In 1998, the Supreme Court decided a pair of cases—Burlington Industries, Inc. v. Ellerth and Faragher v. Boca Raton—in which it addressed the concepts of vicarious and strict liability. In these cases, the Court examined when an employer may be strictly liable for harassment by a supervisor, and when it may avoid liability by putting forward affirmative defenses. The takeaway from these cases is that an agency will be strictly liable for supervisory harassment if the supervisor takes a tangible employment action (e.g. firing or demoting the employee). If, however, the harassment stops short of a tangible employment action, the agency may avoid liability if it can show that it took prompt and effective corrective action as soon as it became aware of the harassment, or if the employee unreasonably failed to take advantage of a published reporting procedure.
All of this of course invites the question of what constitutes prompt and effective corrective action? What must an agency do to take advantage of this affirmative defense? The Commission recently addressed this in Jenna P. v. Department of Veterans Affairs, EEOC App. No. 0120150825 (March 9, 2018). As the Commission explains, the complainant’s first line supervisor (“S1”) sexually harassed her for several months. What began with comments about the complainant’s appearance and clothing quickly escalated to S1 asking the complainant to have sex with him and another management official. S1 also exposed himself to the complainant several times and groped her on more than one occasion. After more than seven months of harassment, the complainant’s fiancé, who was also an agency employee, reported the harassment to his supervisor. Immediately after the report, the complainant’s second-line supervisor (“S2”) placed S1 on administrative leave pending an investigation. Within two days of the report, S2 assumed direct supervision of all employees previously under S1, granted the complainant indefinite telework, and arranged for harassment training for all management officials. S2 also met with S1 and then later that day accepted S1’s voluntary resignation.

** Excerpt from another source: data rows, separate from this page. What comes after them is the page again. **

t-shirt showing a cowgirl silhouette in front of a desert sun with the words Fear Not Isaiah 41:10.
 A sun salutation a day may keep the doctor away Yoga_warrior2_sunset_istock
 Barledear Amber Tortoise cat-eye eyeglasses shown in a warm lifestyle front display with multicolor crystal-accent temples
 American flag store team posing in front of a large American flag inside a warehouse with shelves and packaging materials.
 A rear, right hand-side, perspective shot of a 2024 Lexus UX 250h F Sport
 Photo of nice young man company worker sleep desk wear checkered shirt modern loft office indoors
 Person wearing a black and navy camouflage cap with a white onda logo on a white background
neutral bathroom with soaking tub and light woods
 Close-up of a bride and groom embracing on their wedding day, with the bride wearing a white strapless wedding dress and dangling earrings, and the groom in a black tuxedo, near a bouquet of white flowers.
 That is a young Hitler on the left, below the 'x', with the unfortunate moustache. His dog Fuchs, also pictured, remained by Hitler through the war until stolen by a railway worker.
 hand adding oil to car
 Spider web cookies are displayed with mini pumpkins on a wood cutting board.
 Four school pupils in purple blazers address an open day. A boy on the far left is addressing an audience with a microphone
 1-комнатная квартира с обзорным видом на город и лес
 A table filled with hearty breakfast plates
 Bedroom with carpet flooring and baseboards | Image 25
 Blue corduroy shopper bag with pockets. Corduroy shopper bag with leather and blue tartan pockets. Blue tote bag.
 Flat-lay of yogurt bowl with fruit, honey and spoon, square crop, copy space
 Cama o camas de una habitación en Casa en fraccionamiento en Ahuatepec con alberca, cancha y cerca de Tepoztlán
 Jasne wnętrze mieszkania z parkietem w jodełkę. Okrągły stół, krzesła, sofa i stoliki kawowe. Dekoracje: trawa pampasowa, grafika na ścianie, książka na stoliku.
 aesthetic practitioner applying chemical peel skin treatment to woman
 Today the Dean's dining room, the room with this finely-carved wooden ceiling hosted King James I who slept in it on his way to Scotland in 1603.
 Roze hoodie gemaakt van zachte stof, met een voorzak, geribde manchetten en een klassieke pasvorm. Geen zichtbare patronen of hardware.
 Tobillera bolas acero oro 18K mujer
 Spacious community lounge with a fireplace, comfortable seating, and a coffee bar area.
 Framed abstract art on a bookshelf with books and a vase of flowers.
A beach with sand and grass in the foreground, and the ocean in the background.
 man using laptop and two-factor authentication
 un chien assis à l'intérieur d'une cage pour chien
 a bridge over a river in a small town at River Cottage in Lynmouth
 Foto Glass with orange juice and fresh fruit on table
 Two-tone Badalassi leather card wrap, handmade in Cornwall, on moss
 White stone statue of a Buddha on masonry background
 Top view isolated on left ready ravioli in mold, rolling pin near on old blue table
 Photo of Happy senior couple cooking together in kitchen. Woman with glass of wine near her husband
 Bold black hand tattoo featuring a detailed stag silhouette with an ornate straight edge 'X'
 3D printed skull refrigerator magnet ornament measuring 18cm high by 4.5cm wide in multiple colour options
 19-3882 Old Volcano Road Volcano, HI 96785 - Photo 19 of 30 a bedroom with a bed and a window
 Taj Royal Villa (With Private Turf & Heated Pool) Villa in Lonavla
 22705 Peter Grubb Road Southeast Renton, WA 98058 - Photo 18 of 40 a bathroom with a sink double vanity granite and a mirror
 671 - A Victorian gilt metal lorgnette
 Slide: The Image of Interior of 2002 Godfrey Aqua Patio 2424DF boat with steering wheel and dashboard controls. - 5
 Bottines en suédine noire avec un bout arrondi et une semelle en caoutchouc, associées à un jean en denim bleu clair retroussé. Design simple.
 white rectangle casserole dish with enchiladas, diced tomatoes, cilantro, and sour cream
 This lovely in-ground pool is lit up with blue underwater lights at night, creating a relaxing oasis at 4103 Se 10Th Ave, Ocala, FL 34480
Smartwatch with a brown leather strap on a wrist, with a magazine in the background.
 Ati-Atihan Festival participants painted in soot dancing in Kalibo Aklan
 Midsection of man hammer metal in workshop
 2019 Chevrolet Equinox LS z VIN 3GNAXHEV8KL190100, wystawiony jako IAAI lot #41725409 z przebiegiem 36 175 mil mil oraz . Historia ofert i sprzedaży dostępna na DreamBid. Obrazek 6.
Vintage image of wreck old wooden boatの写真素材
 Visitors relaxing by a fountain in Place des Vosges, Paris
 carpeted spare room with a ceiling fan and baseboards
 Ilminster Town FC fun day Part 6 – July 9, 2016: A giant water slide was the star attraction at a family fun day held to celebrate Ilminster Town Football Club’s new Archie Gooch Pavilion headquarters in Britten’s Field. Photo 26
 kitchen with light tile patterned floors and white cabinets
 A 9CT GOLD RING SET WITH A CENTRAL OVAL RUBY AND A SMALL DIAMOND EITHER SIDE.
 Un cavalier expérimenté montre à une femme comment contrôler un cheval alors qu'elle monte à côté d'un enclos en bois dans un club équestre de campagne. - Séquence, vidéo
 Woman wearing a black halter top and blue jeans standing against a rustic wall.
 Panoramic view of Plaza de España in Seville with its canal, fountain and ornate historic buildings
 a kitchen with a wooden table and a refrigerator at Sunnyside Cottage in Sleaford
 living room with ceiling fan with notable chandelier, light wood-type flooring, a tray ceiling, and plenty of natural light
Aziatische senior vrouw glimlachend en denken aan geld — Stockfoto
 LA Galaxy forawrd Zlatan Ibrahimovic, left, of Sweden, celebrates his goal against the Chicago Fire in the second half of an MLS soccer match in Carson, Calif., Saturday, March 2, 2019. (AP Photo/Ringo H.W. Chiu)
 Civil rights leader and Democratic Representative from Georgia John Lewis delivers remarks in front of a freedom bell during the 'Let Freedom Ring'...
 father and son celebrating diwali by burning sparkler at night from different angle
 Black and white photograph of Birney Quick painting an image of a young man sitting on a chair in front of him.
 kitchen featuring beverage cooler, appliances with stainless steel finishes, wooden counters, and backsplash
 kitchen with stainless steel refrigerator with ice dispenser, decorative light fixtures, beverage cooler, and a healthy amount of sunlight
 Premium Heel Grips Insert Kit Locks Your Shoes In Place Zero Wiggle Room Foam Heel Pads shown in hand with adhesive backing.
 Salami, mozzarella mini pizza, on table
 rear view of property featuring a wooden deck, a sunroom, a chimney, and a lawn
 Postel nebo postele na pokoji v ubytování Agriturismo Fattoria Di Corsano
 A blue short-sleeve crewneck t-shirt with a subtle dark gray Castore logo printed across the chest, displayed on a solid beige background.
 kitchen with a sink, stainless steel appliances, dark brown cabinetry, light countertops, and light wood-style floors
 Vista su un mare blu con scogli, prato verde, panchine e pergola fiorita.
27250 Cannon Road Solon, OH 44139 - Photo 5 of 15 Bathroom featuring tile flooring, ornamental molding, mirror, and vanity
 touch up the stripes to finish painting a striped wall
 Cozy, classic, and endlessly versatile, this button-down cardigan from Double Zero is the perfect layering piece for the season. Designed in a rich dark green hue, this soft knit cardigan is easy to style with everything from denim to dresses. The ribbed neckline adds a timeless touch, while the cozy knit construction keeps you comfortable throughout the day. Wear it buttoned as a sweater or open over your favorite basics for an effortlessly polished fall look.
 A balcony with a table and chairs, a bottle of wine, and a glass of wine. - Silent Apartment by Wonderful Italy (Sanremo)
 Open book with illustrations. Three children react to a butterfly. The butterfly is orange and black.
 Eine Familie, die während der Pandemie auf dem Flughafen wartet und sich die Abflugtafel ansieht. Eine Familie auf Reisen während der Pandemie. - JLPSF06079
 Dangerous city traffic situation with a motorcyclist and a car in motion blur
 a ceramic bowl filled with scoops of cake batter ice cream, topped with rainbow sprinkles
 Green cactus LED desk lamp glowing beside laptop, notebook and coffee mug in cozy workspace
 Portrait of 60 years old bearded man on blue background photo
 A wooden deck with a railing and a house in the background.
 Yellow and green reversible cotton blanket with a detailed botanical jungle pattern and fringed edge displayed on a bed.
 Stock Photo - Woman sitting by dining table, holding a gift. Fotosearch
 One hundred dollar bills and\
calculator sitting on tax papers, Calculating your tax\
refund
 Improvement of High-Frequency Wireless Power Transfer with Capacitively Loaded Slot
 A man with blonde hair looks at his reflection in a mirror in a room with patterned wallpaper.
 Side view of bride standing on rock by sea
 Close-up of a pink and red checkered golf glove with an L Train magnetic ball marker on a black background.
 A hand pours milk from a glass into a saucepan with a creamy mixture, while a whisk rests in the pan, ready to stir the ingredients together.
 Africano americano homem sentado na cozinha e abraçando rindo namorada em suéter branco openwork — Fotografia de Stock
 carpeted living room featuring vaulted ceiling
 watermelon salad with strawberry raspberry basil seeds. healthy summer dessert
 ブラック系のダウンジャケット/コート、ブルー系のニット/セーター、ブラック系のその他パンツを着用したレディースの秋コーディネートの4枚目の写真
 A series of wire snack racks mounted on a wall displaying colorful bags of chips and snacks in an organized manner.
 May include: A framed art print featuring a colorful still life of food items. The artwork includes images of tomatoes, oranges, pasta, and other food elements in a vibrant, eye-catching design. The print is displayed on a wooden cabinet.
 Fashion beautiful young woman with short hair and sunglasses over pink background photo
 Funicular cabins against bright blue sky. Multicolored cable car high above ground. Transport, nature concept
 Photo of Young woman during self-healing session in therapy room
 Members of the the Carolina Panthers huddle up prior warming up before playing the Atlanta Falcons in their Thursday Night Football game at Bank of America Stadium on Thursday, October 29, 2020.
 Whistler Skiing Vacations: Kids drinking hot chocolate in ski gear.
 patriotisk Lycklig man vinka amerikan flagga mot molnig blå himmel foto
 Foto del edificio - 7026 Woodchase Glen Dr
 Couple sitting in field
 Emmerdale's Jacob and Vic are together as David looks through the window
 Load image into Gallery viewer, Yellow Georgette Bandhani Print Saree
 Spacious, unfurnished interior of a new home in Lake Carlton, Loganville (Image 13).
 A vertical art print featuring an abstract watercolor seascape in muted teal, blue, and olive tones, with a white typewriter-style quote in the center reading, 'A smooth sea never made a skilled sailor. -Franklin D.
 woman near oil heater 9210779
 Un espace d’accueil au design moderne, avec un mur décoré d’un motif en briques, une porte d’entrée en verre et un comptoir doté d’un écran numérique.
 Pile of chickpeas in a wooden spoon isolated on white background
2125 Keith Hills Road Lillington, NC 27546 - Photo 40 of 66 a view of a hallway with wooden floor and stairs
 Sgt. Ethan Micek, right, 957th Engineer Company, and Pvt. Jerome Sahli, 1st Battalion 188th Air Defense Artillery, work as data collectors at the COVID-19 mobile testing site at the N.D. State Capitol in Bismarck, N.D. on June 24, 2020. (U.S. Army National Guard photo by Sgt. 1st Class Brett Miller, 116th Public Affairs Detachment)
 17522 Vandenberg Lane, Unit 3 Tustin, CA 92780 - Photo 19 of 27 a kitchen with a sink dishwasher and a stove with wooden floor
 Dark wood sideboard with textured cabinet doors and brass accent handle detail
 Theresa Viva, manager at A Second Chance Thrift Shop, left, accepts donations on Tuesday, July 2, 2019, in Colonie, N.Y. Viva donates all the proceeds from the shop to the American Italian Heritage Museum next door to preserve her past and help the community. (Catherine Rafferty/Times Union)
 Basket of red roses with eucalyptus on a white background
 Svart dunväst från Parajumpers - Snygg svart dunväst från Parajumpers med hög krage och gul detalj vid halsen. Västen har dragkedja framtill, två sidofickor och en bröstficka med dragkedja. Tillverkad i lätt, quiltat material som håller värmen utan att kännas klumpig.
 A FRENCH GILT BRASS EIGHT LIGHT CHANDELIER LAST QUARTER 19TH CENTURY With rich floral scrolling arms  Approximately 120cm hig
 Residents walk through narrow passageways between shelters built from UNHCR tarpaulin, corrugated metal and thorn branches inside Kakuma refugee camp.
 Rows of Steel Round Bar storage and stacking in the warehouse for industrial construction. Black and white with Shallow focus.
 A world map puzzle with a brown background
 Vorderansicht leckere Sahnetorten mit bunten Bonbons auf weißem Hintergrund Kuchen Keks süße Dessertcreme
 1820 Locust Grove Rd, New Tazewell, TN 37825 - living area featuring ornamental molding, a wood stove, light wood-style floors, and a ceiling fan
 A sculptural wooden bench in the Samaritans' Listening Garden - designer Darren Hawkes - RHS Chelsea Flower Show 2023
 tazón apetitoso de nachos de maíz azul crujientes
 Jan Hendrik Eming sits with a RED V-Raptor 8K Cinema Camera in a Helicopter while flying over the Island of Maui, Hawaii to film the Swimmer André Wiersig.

As I started to read the Commission’s decision my first thought was how the agency appeared to do the right thing. So often we see cases that make it to OFO because the agency fails to take the complaint seriously or takes corrective actions that only serve to punish the complainant rather than the harasser. In Jenna P., the agency tried. Unfortunately, it didn’t quite do everything it needed to do. The complainant filed a formal complaint regarding the harassment as well as a subsequent delay in her career ladder promotion. After the complainant withdrew her request for hearing, the agency issued a Final Agency Decision. In it, the agency concluded that it was not liable for the harassment. The agency relied on the steps S2 took immediately after he learned of the harassment and S1’s resignation, which prevented the agency from taking any further action against him. In reviewing the complainant’s appeal, the Commission found that although the agency had taken several steps to address the harassment, it failed to make the complainant whole. As a result of the harassment, the complainant had used sick leave and annual leave; the agency had not restored the leave or provided the complainant with the appropriate back pay. The Commission concluded that because the agency had not made the complainant whole, it could not avail itself of the affirmative defense. The agency therefore was liable for the harm the months of sexual harassment caused, even though the harassment did not include a tangible employment action and the agency was not aware of it until the very end.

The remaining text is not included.